Appraisals the new hurdle in home sales

As if sellers weren't having a hard enough time in this market... over the past few months, more sales contracts are falling apart - and more are happening due to low appraisals.

In "normal" housing markets, it's less common that problems arise once a contract is signed, but here's a quick look at issues that are happening with some frequency now:
  • Home Inspections - always good practice, but when the market was slanted towards sellers many buyers were waiving the inspection process. Now, buyers are often expecting the sellers to fix even minor issues or canceling a contract.
  • Financing - as most everyone is aware, lenders are giving far more scrutiny to the buyer and financing can fall through even after someone has been pre-approved. Sometimes a new lender can be found, many times not.
  • Appraisals - the concern is now that appraisers are being overly conservative in the valuation of a property. If the house does not appraise, then the buyer is faced with paying the difference, or the seller is asked to reduce the sales price (or somewhere in between). After sometimes difficult negotiations up to that point, you often have a situation where neither party feels they should budge.
A lot of press has been given to the recently implemented HVCC or Home Valuation Code of Conduct. The guidelines stem from an agreement between Fannie Mae, Freddie Mac, and New York's State Attorney General to eliminate conflicts of interest. Without going into a lot of detail, essentially it seeks to ensure the independence of home appraisers.
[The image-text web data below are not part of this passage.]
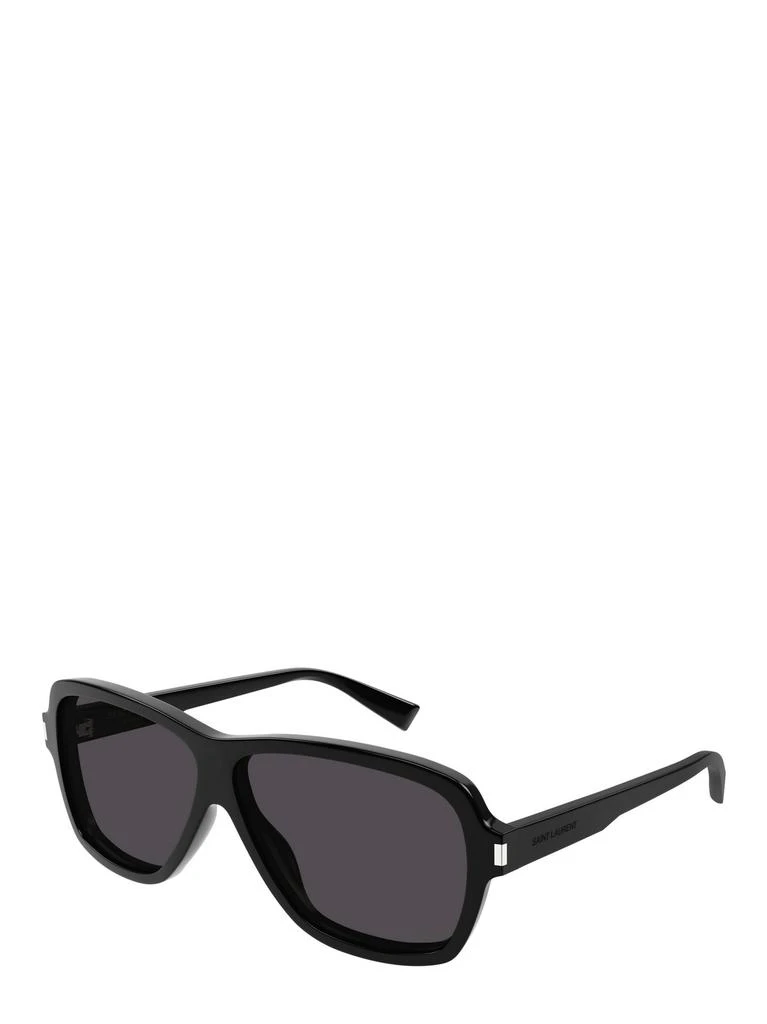 商品Yves Saint Laurent|Saint Laurent Eyewear Aviator Frame Sunglasses,价格¥1907,第2张图片详细描述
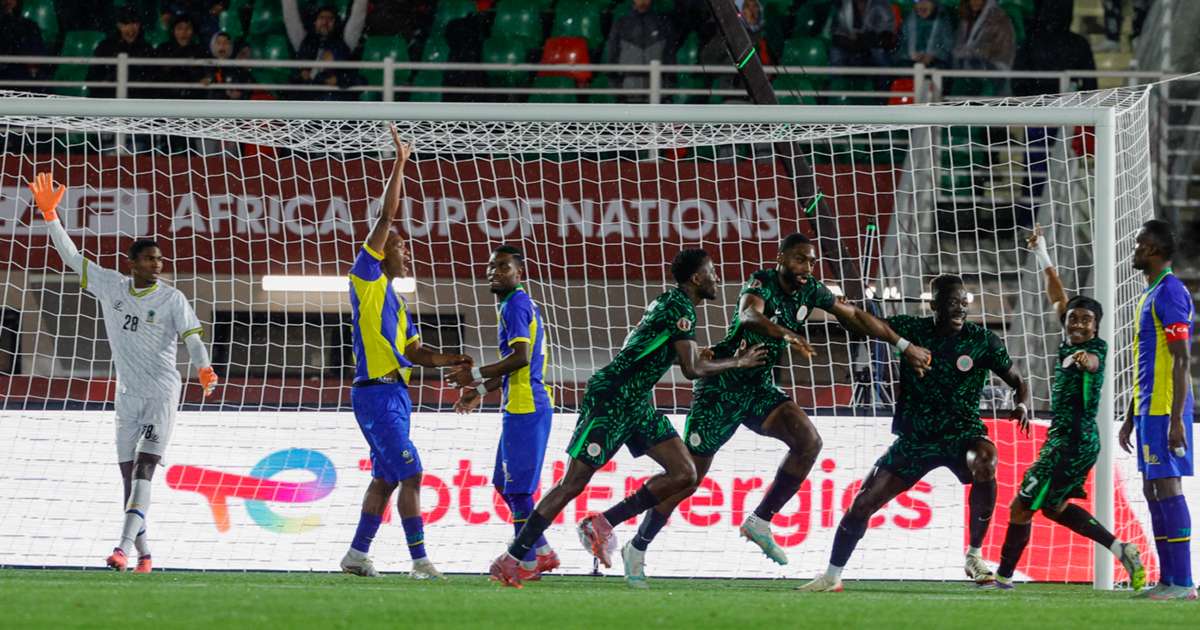 Nigeria 2-1 Tanzania: Lookman ensures winning start at AFCON for Group C  favourites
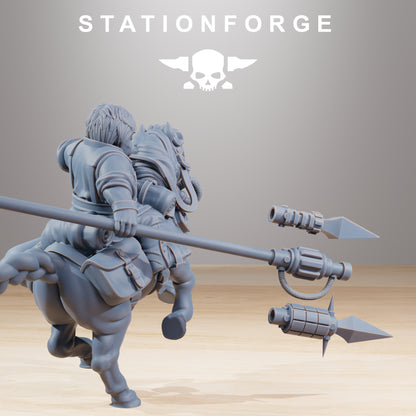 GrimGuard Pony Riders - Station Forge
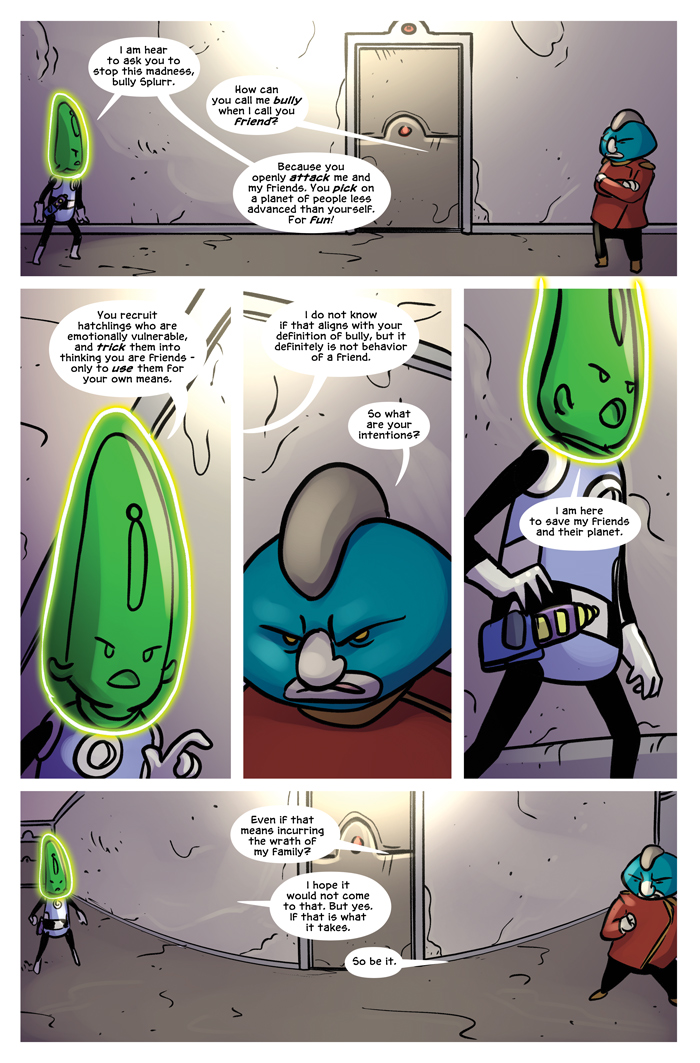 Space Bullies from Mars Chapter 19 Page 20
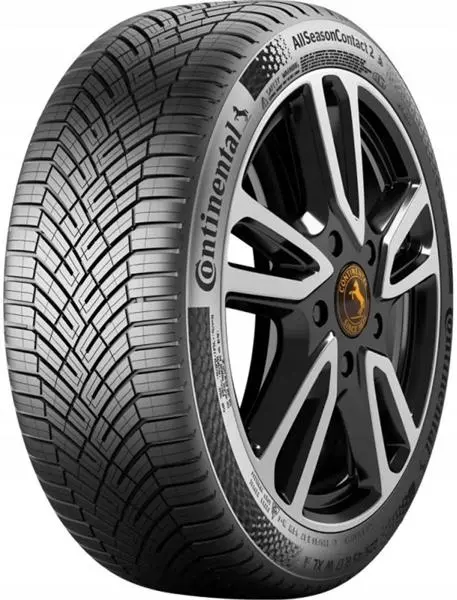 4xCONTINENTAL ALLSEASONCONTACT 2 215/60R17 100 V PRZYCZEPNOŚĆ NA ŚNIEGU (3PMSF), WZMOCNIENIE (XL) 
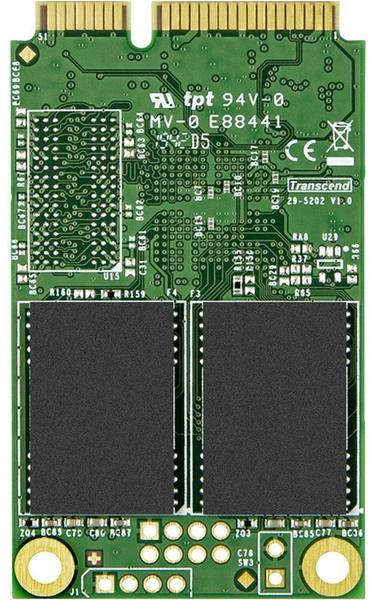 interne SSD-Festplatte Allgemeine Daten & Ausstattung Transcend MSA452T-I 512GB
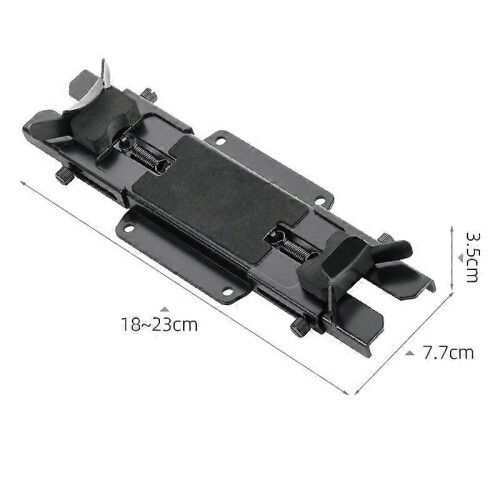Bluetooth Speaker Stand Retractable 18-23cm with EVA Cotton Compatible with Multiple JBL Models Black 2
As things of this nature often do, a fair amount of confusion exists over what's OK and what's not. And as one would expect, the (over)reaction is to err on the side of caution. With a number of sales being canceled due to low valuations, many are pointing the finger at the use of inexperienced and out-of-area appraisers (i.e., they don't know the local market). While the intent of the HVCC may have been positive, the law of unintended consequences is having a significant impact.

The complexities and issues in today's housing market will take time to sort out and may require an abundance of calm and patience whether buying or selling, but it's still important to note that many home sales can and do get done without problems.